▶ _Task directions_: The material below contains a line with "Rustic Wabi Sabi" and a line with "Pierrefeu du var, église saint Jacques". Copy exactly those two lines and all lines between them.
━━ Data records ━━
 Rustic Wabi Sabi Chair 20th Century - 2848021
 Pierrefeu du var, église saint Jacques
━━━
━━ Data records ━━
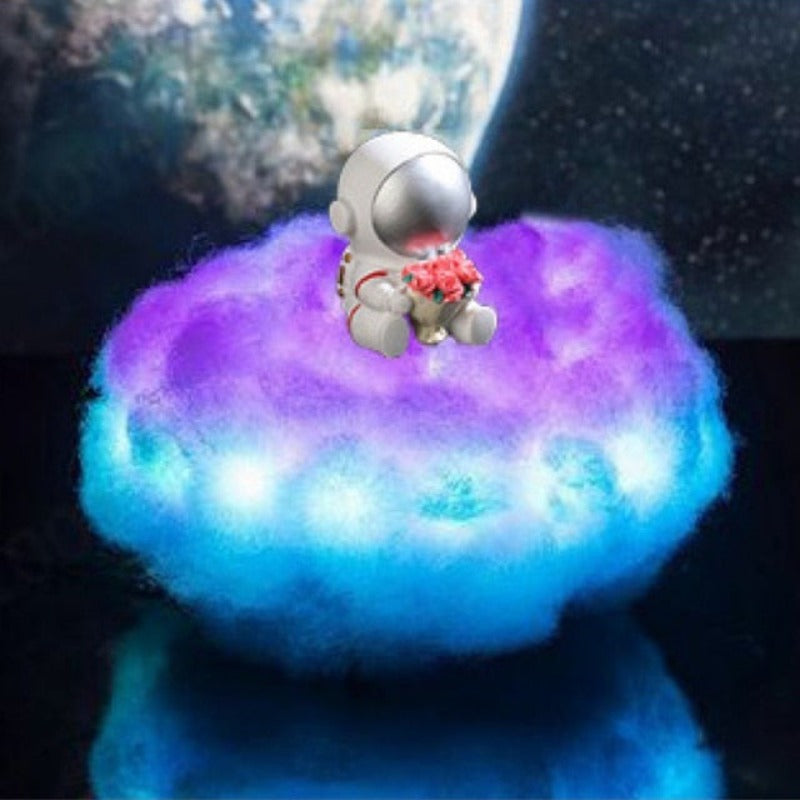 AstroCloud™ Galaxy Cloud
━━━
━━ Data records ━━
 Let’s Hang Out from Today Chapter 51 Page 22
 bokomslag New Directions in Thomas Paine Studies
━━━
▶ _Completed task_:
 Rustic Wabi Sabi Chair 20th Century - 2848021
 Pierrefeu du var, église saint Jacques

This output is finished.